▶ EXERCISE GOAL
In the material below, find the line that contains "49 Cotswold Street, Carina QLD 4152" and the line that contains "Single Family E", then write out exactly those two lines and everything between them.

▶ DATA SUPPLIED
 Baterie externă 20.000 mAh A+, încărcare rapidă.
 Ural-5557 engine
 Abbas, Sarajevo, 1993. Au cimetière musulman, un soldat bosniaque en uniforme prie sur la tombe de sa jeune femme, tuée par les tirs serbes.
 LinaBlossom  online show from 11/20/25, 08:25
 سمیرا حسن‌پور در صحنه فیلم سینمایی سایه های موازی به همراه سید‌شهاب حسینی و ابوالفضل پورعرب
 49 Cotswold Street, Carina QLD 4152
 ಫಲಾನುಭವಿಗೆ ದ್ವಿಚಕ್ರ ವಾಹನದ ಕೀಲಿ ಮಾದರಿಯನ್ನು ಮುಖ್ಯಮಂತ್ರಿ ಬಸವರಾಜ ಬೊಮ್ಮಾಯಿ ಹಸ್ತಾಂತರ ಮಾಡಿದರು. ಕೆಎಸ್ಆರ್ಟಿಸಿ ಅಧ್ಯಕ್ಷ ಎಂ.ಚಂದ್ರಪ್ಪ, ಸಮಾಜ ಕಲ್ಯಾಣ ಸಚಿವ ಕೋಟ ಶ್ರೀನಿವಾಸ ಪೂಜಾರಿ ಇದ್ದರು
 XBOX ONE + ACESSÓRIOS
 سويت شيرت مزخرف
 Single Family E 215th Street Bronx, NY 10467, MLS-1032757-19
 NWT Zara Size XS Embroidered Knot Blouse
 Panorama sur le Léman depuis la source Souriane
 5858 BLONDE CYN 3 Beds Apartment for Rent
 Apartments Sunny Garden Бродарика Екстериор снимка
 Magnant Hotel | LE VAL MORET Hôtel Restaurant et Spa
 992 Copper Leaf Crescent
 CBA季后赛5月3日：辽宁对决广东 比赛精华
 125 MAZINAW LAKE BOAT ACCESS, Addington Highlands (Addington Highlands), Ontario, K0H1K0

▶ ANSWER
 49 Cotswold Street, Carina QLD 4152
 ಫಲಾನುಭವಿಗೆ ದ್ವಿಚಕ್ರ ವಾಹನದ ಕೀಲಿ ಮಾದರಿಯನ್ನು ಮುಖ್ಯಮಂತ್ರಿ ಬಸವರಾಜ ಬೊಮ್ಮಾಯಿ ಹಸ್ತಾಂತರ ಮಾಡಿದರು. ಕೆಎಸ್ಆರ್ಟಿಸಿ ಅಧ್ಯಕ್ಷ ಎಂ.ಚಂದ್ರಪ್ಪ, ಸಮಾಜ ಕಲ್ಯಾಣ ಸಚಿವ ಕೋಟ ಶ್ರೀನಿವಾಸ ಪೂಜಾರಿ ಇದ್ದರು
 XBOX ONE + ACESSÓRIOS
 سويت شيرت مزخرف
 Single Family E 215th Street Bronx, NY 10467, MLS-1032757-19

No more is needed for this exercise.